President-elect names, considers figures committed to spurring American energy growth
President-Elect Donald Trump’s selection of Exxon Mobil CEO Rex Tillerson to be secretary of state indicates the next administration will be more focused on energy than perhaps any other in recent U.S. history.
The choice, despite hand-wringing from Democratic critics such as former New Mexico Gov. Bill Richardson, sends a clear signal to Congress, policymakers, and the world: Energy will be key to America’s economic growth and revival.
The statement is further backed up by Trump’s choice to head the Environmental Protection Agency: Oklahoma Attorney General Scott Pruitt. And by the fact Trump is considering former Texas Gov. Rick Perry for secretary of energy. Few governors have to know energy policy more than a Texas governor.
It’s all a bold statement because under President Obama and other world leaders, it became trendy to diss energy producers and play up “green energy,” despite the fact solar and wind power may not be able to provide the numbers that consumers need.
Trump is signaling a commitment to an economy powered well and cheaply by abundant supplies of oil, gasoline and electricity. The second priority, and still a top one, will be climate.
Also trendy under Obama was to endorse climate treaties, such as the Paris Agreement. The agreement, which President Obama signed onto a year ago, has no real teeth.

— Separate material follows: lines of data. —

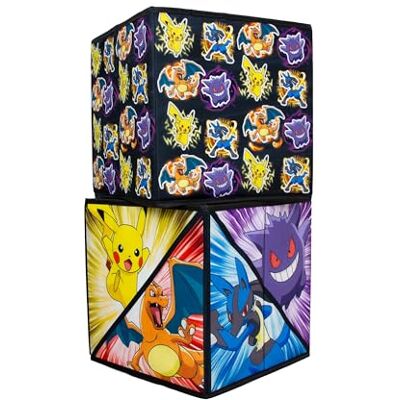 Pokémon Offiziell lizenzierte -Aufbewahrungsboxen 2er-Pack faltbare Speicherwürfel im Pow Pow Design mit Pikachu Perfekt zur Organisation des Kinderzimmers, Spielzimmer für Kinder, 30 x 30 cm Pokémon Offiziell lizenzierte -Aufbewahrungsboxen 2er-Pack faltbare Speicherwürfel im Pow Pow Design mit Pikachu Perfekt zur Organisation des Kinderzimmers, Spielzimmer für Kinder, 30 x 30 cm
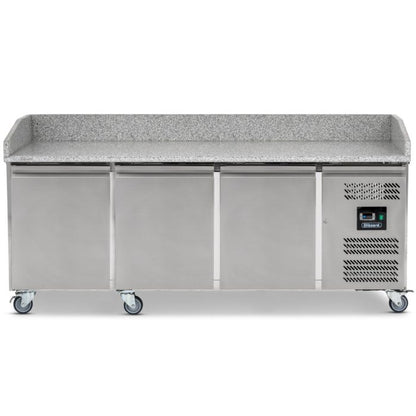 BLIZZARD Triple Hinged Door Pizza Prep Counter with Granite Worktop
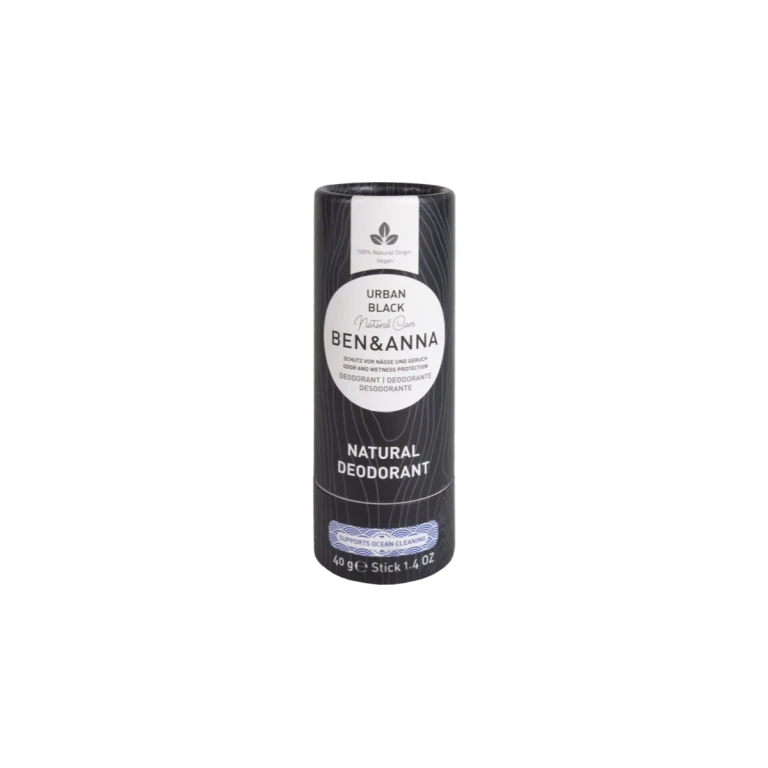 BEN&ANNA Natural Urban Black solid deodorant 40 g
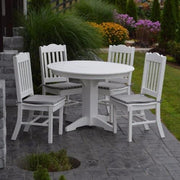 A&L Furniture Poly 5pc Royal Dining Set with Round Table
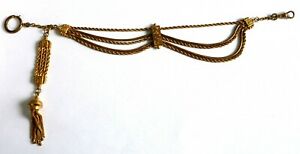 【送料無料】腕時計　ビクトリアゴールドトーンアルベルティナアルバートボルトリングタッセルa victorian gold tone albertina with albert, bolt ring amp; tassel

But its goal, if implemented, would seem to require limits on the use of coal, oil, and natural gas. The agreement calls for “a long-term goal of keeping the increase in global average temperature to well below 2 degrees Celsius above pre-industrial levels,” according to the European Commission’s website.
And while there is no enforcement mechanism for the goals within the Paris Agreement, the United States is obligated to report its data to other nations, at meetings and in the public record.
The Paris Agreement requires nations to “come together every five years to set more ambitious targets as required by science,” and to “report to each other and the public on how well they are doing to implement their targets.”